> _Data to use_
-*-
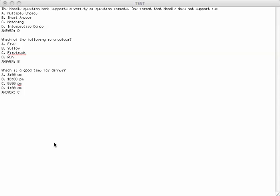At this point, I can simply save this file as a text file for later import into Moodle. In the next section, we'll talk about how to do that.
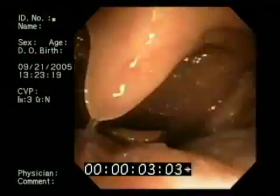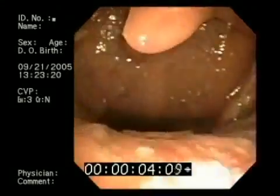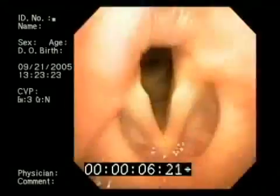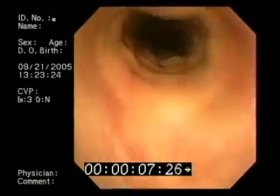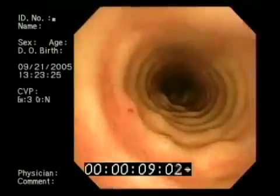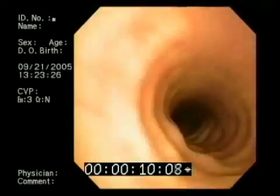In summary, awake fiber-optic intubation can be rapidly achieved with good topical anesthesia. Fiber-optic intubation is an invaluable alternate technique in the management of the difficult airway, and it should be mastered by all airway practitioners.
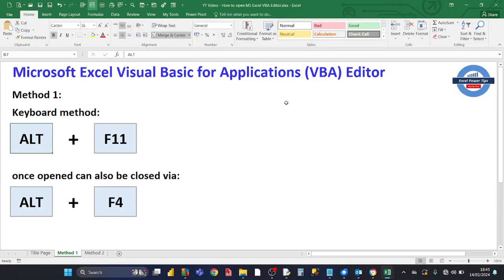Hey there Excel users, welcome to my Excel Power Tips channel. In this short video I'm going to show you two easy methods to open up Excel's Visual Basic for Applications editor, or VBA editor.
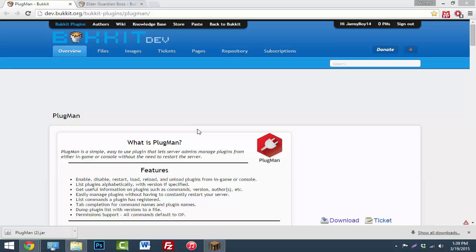Yo, what's going on guys? Today I'm going to be showing you how to install a plugin without restarting your server. So you can also delete a plugin, restart your plugins, and like I said before, install your plugins without restarting your server.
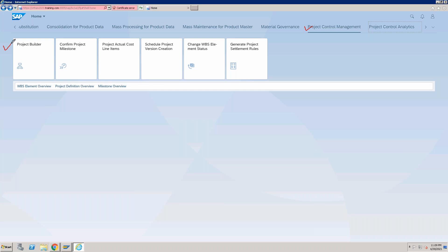In the Project Builder, you can create, change, or display your operative project. It is just the CJ20N project builder which you can also access directly in SAP GUI. 'Confirm a Project Milestone' allows you to confirm available milestones in the project. 'Project Actual Cost Line Item' lets you analyze your cost data once postings have been done on projects. 'Schedule Project Version Creation' allows you to schedule project version creation automatically.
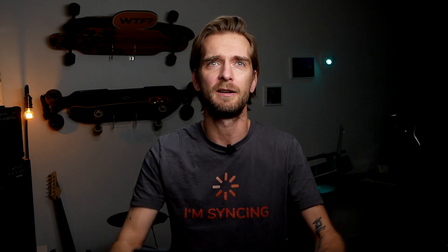Hi, I'm Björn, Co-CEO of Resolution and welcome to this tutorial of our Zapier integration between Google Calendar and Jira.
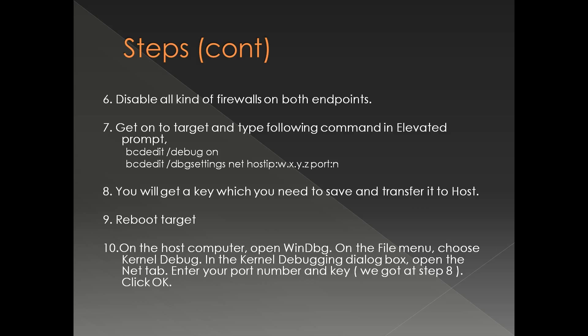So make sure that you don't have any firewalls. The communication between host and the target is a UDP communication through a random port on the host side and the port which you have given on the target side.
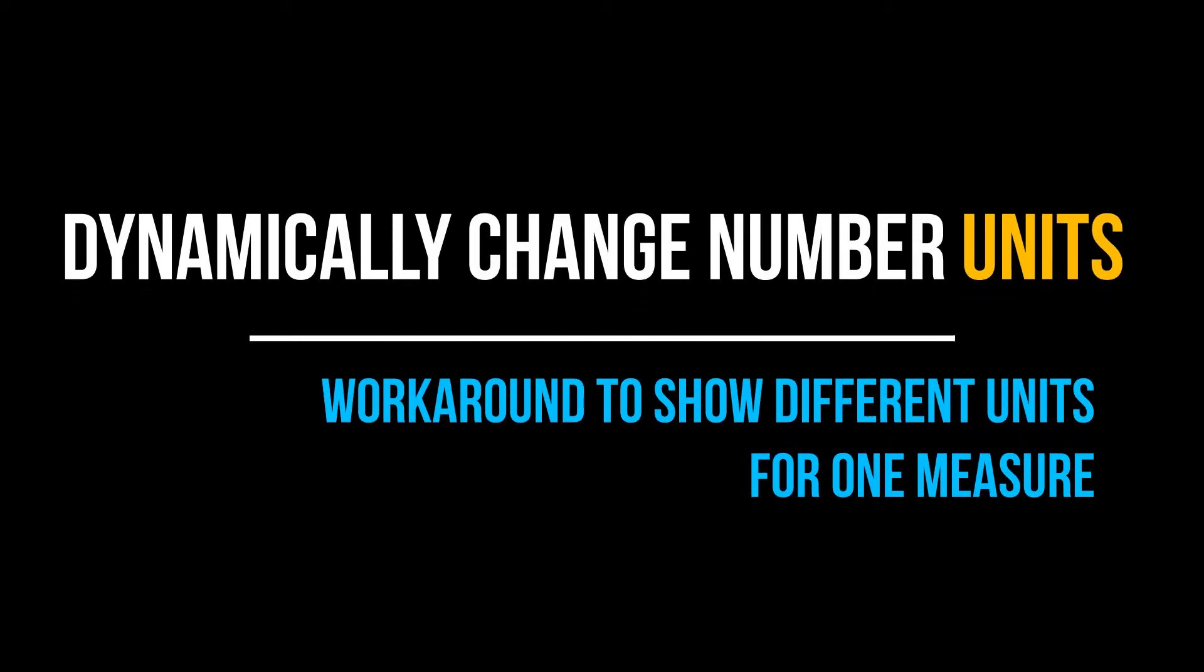Hi guys, in this video I will show you how to change unit of numbers dynamically. In Tableau, we can only show one unit for a measure. There might be a scenario where we need to show numbers in multiple units for one measure.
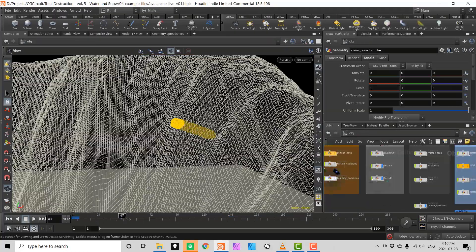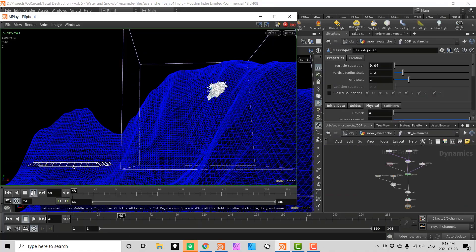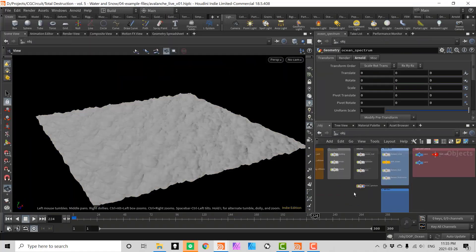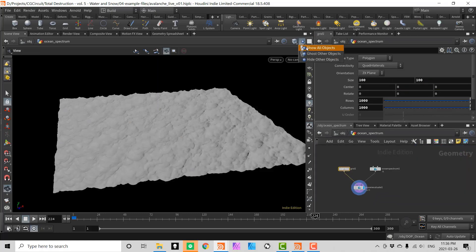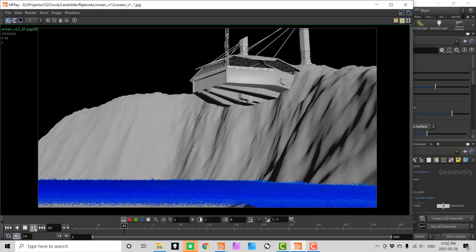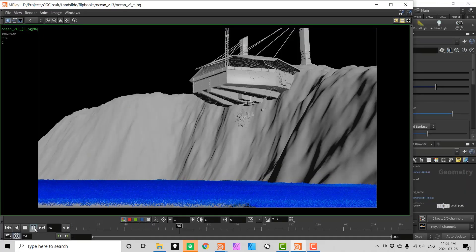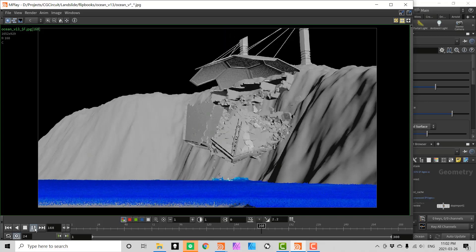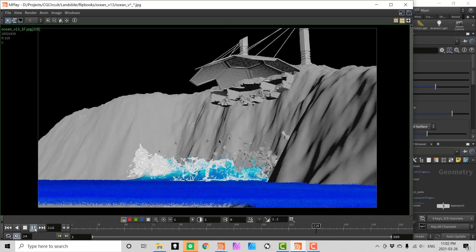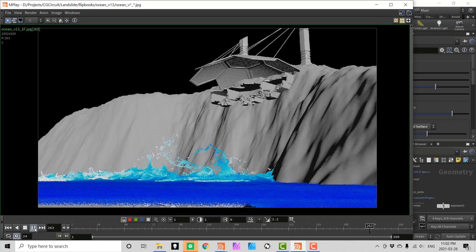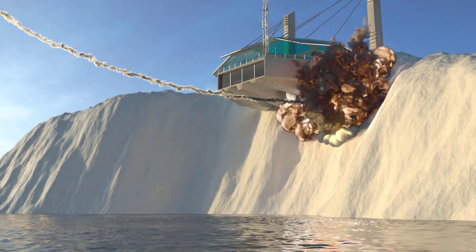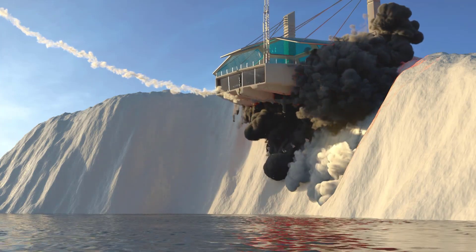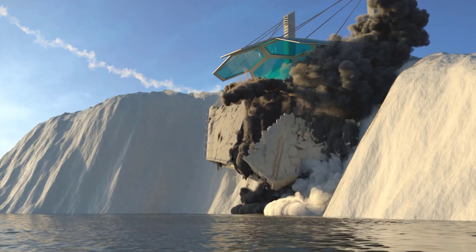After watching this tutorial you can expect to be very comfortable creating water simulations in Houdini, not only for destruction effects but for almost all purposes. You will have a solid understanding, not only of how to use the shelf tools, but you will also be able to create your own DOP networks from scratch. And along the way learn to optimize your files and look out for common pitfalls when creating effects in production.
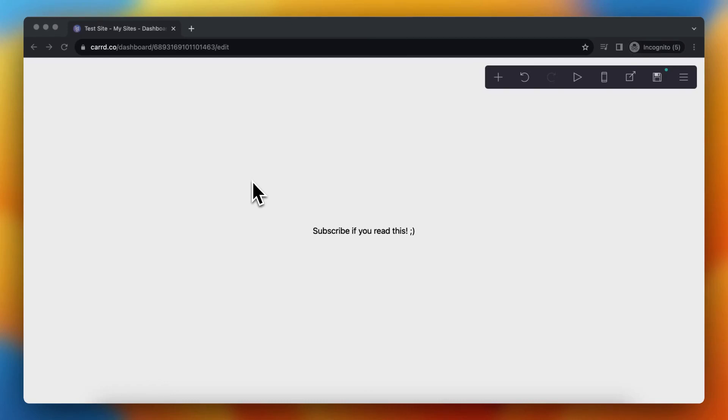Hi guys, in this video I will show you how to add a hover animation to your card website very easily. So as you can see, this is currently the only content on my website.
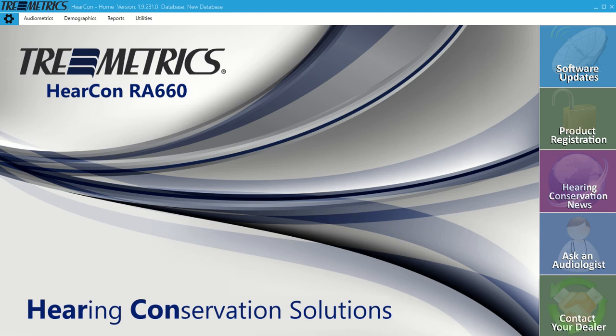So once again, right now we're at the launch screen, so when you first fire up the software, this will be what you're looking at.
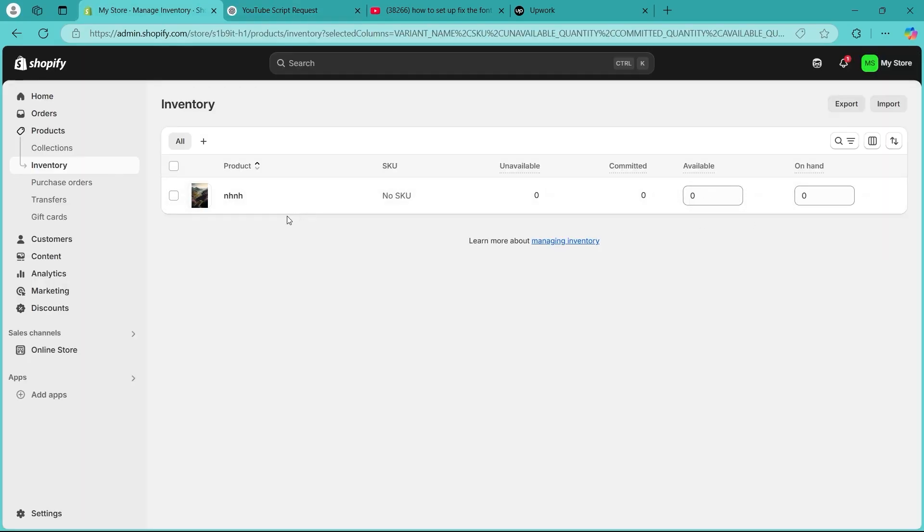The first step is checking the product inventory settings. Go to the admin page, then navigate to products. Scroll to the inventory section and ensure that track quantity is enabled.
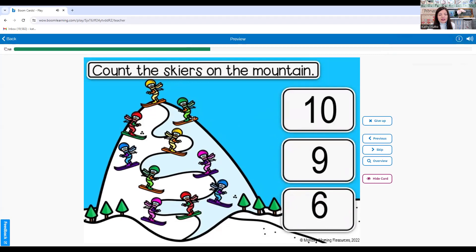Look at all these skiers on the mountain. One, two, three, four, five, six, seven, eight, nine, ten. Ten skiers.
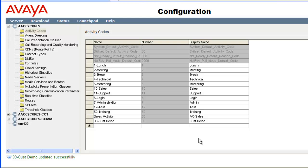Now I'll modify this activity code. Remember you cannot modify the number, only the name fields. The system will prevent any edits of the number field. I will update both the name and display name fields to Customer demo from Cust demo.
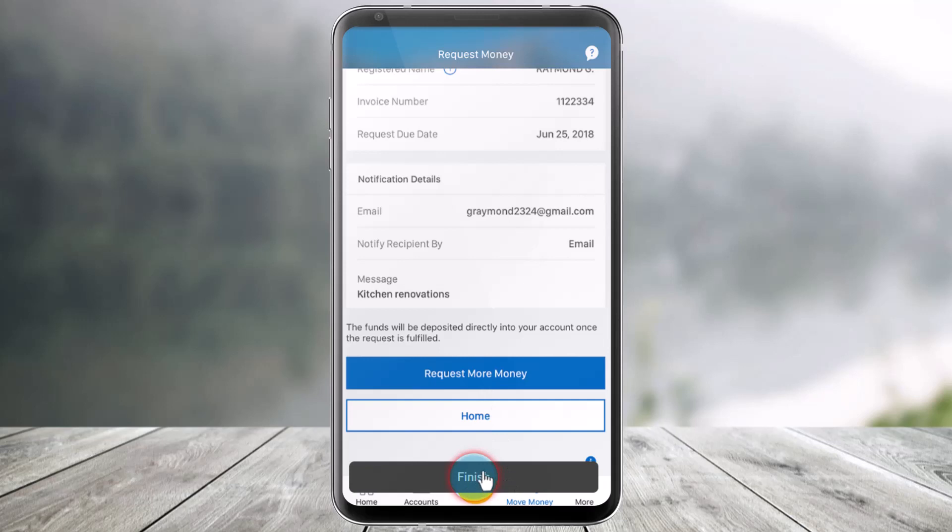And that's all it takes to request money in the RBC Mobile App. We hope the video was really helpful, and if it did help you, make sure to leave a like and subscribe to our channel. If you have any more questions, feel free to leave them down below. Thank you very much for watching till the end and see you soon in our next video.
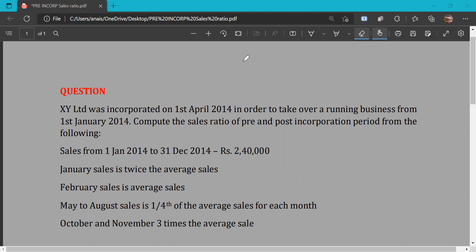The hints given are: February sales equals the average sales. May to August sales is one-fourth of the average sales for each month. October and November sales is three times the average sales.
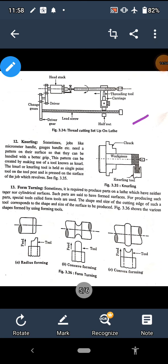As shown in the figure, the split half nut is used to engage the lead screw. The gear train connects the spindle to the lead screw. The gear ratio determines how much the tool advances per one rotation of the job, thereby controlling the thread pitch. This is how threading operations are performed on the lathe machine.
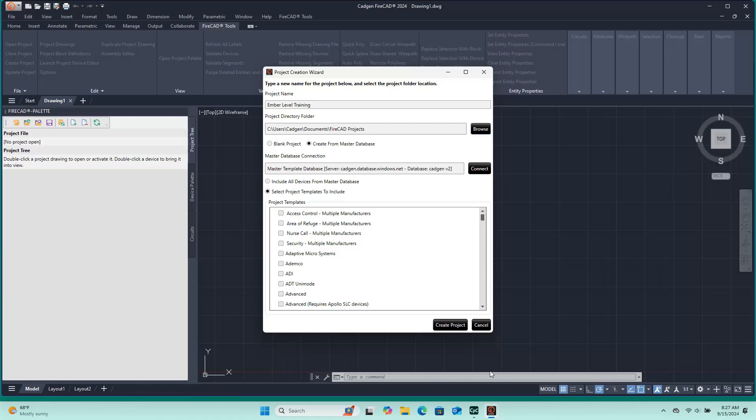You will see and should always verify that the Connect button has already set up a connection to the Master Template Database server named catgen.database.windows.net. You should not have to make any choices to ensure this happens. It should be automatically populated.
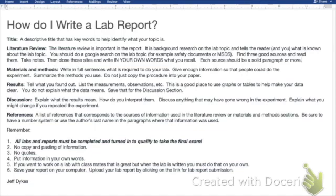Hi class. We're going to look at how to write a lab report. The lab report follows the format that scientists often use when writing up their experimental results to be published, so we're going to follow that format. The first thing you'll have is a title, and the title is descriptive — not sensational like a newspaper headline, but descriptive.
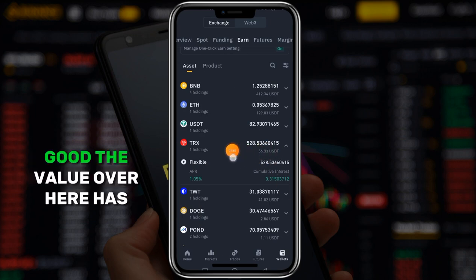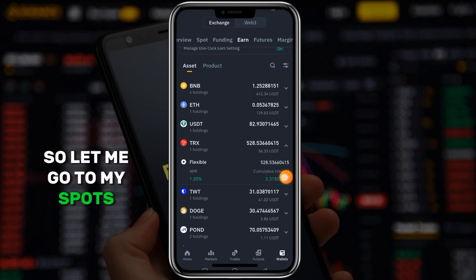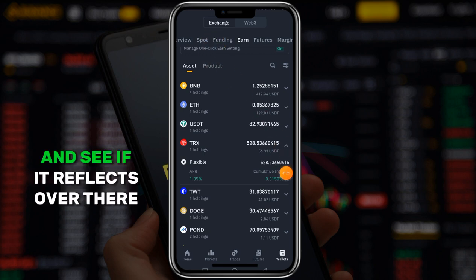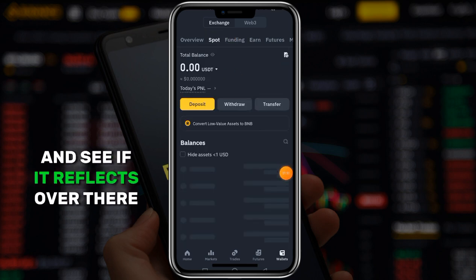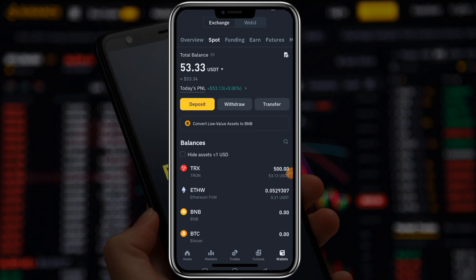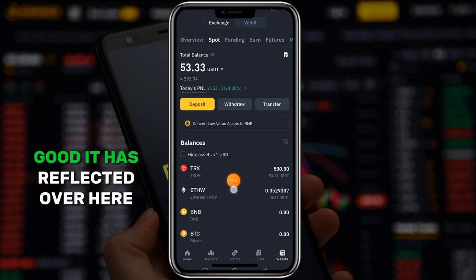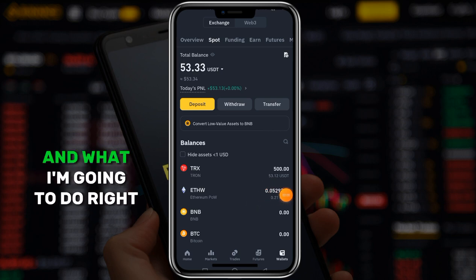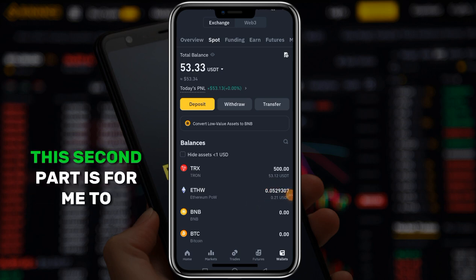The value over here has reduced. Let me go to my spot wallet at the top and see if it will reflect over there. It has reflected - that is $53 over there.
-*-
> _Exercise description_
In the copy, each entry above must match exactly, and no picture may be carried over.

> _Completed exercise_
At this point, I can simply save this file as a text file for later import into Moodle. In the next section, we'll talk about how to do that.
In summary, awake fiber-optic intubation can be rapidly achieved with good topical anesthesia. Fiber-optic intubation is an invaluable alternate technique in the management of the difficult airway, and it should be mastered by all airway practitioners.
Hey there Excel users, welcome to my Excel Power Tips channel. In this short video I'm going to show you two easy methods to open up Excel's Visual Basic for Applications editor, or VBA editor.
Yo, what's going on guys? Today I'm going to be showing you how to install a plugin without restarting your server. So you can also delete a plugin, restart your plugins, and like I said before, install your plugins without restarting your server.
In the Project Builder, you can create, change, or display your operative project. It is just the CJ20N project builder which you can also access directly in SAP GUI. 'Confirm a Project Milestone' allows you to confirm available milestones in the project. 'Project Actual Cost Line Item' lets you analyze your cost data once postings have been done on projects. 'Schedule Project Version Creation' allows you to schedule project version creation automatically.
Hi, I'm Björn, Co-CEO of Resolution and welcome to this tutorial of our Zapier integration between Google Calendar and Jira.
So make sure that you don't have any firewalls. The communication between host and the target is a UDP communication through a random port on the host side and the port which you have given on the target side.
Hi guys, in this video I will show you how to change unit of numbers dynamically. In Tableau, we can only show one unit for a measure. There might be a scenario where we need to show numbers in multiple units for one measure.
After watching this tutorial you can expect to be very comfortable creating water simulations in Houdini, not only for destruction effects but for almost all purposes. You will have a solid understanding, not only of how to use the shelf tools, but you will also be able to create your own DOP networks from scratch. And along the way learn to optimize your files and look out for common pitfalls when creating effects in production.
Hi guys, in this video I will show you how to add a hover animation to your card website very easily. So as you can see, this is currently the only content on my website.
So once again, right now we're at the launch screen, so when you first fire up the software, this will be what you're looking at.
The first step is checking the product inventory settings. Go to the admin page, then navigate to products. Scroll to the inventory section and ensure that track quantity is enabled.
Look at all these skiers on the mountain. One, two, three, four, five, six, seven, eight, nine, ten. Ten skiers.
Now I'll modify this activity code. Remember you cannot modify the number, only the name fields. The system will prevent any edits of the number field. I will update both the name and display name fields to Customer demo from Cust demo.
And that's all it takes to request money in the RBC Mobile App. We hope the video was really helpful, and if it did help you, make sure to leave a like and subscribe to our channel. If you have any more questions, feel free to leave them down below. Thank you very much for watching till the end and see you soon in our next video.
The hints given are: February sales equals the average sales. May to August sales is one-fourth of the average sales for each month. October and November sales is three times the average sales.
As shown in the figure, the split half nut is used to engage the lead screw. The gear train connects the spindle to the lead screw. The gear ratio determines how much the tool advances per one rotation of the job, thereby controlling the thread pitch. This is how threading operations are performed on the lathe machine.
You will see and should always verify that the Connect button has already set up a connection to the Master Template Database server named catgen.database.windows.net. You should not have to make any choices to ensure this happens. It should be automatically populated.
Hi class. We're going to look at how to write a lab report. The lab report follows the format that scientists often use when writing up their experimental results to be published, so we're going to follow that format. The first thing you'll have is a title, and the title is descriptive — not sensational like a newspaper headline, but descriptive.
The value over here has reduced. Let me go to my spot wallet at the top and see if it will reflect over there. It has reflected - that is $53 over there.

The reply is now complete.